'System can be improved,' heritage minister says
TORONTO — The Canadian government has concluded in a report released Wednesday that there’s nothing wrong with the film and TV tax incentives and funding system in the Great White North, but producers can expect more audits in the wake of a list of recommendations for tightening up the system nonetheless.
The recommendations in the Ministry of Heritage report came out of a review launched in November 1999 in the wake of the Cinar scandal. Cinar has been accused of stretching the rules to qualify for tax incentives and funding credits in place for the Canadian film and television industry, and some are concerned that such alleged liberties are widespread in the industry.
“Although this process has confirmed that our practices are sound,” Heritage Minister Sheila Copps said in a statement, “it has pointed to areas where the system can be improved and identified the tools to get the job done.”
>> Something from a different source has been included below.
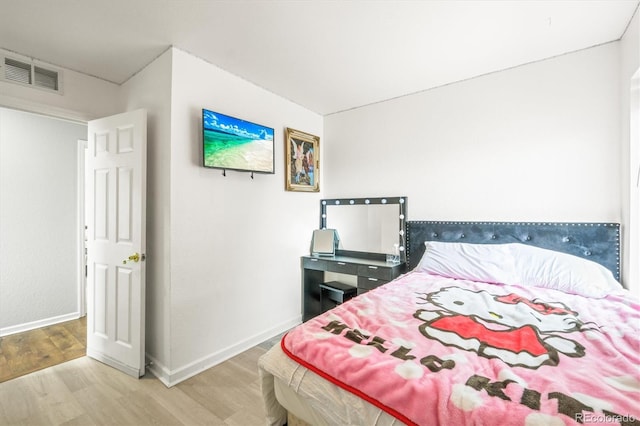 bedroom featuring hardwood / wood-style floors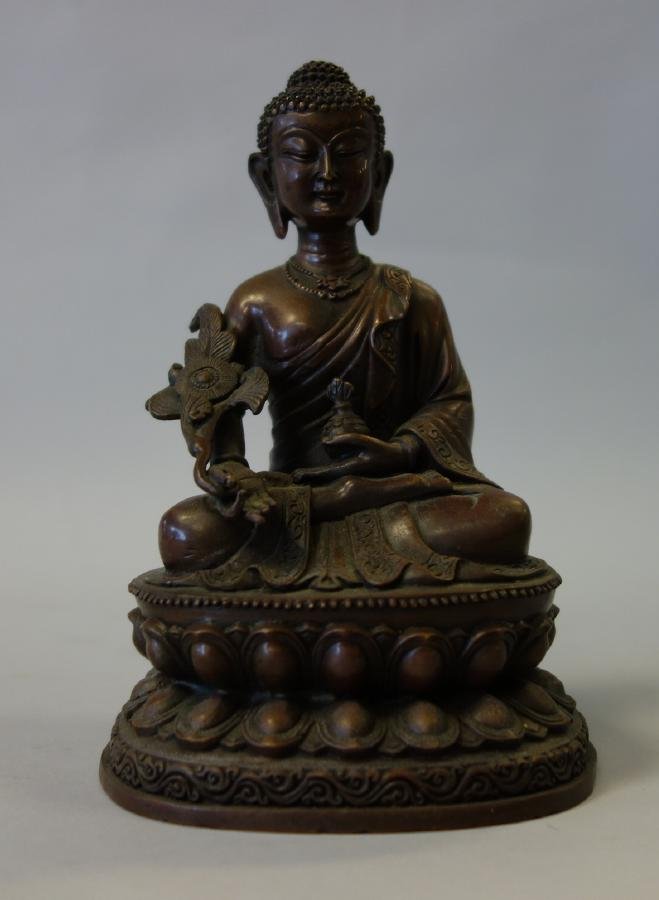 Tibetan Bronze Model of Buddha: A Tibetan or Nepal bronze model of a seated Buddha on a lotus formed base holding a vessel in one hand and a floral sceptre in the other. Measures 6-5/8" high, 4.25" wide and 3.75" deep.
A series of recommendations have been agreed upon by the government and the participating parties — Telefilm Canada, the Canadian Television Fund, the Canada Customs and Revenue Agency and the Canadian Audio-Visual Certification Office.
The one visible difference Canuck TV and film producers can expect ismore audits for productions past, present and future. The remaining measures are mostly centered on setting and evaluating goals and systems among those parties, much of which hinges on the need for better co-ordination of their functions and the sharing of information.
“There was a need for more communication between groups,” concluded Anne Scotton, who chaired the ministry’s review. “From the perspective of the federal government, I believe that this is a piece of work that restores confidence in public accountability for the use of public funds.”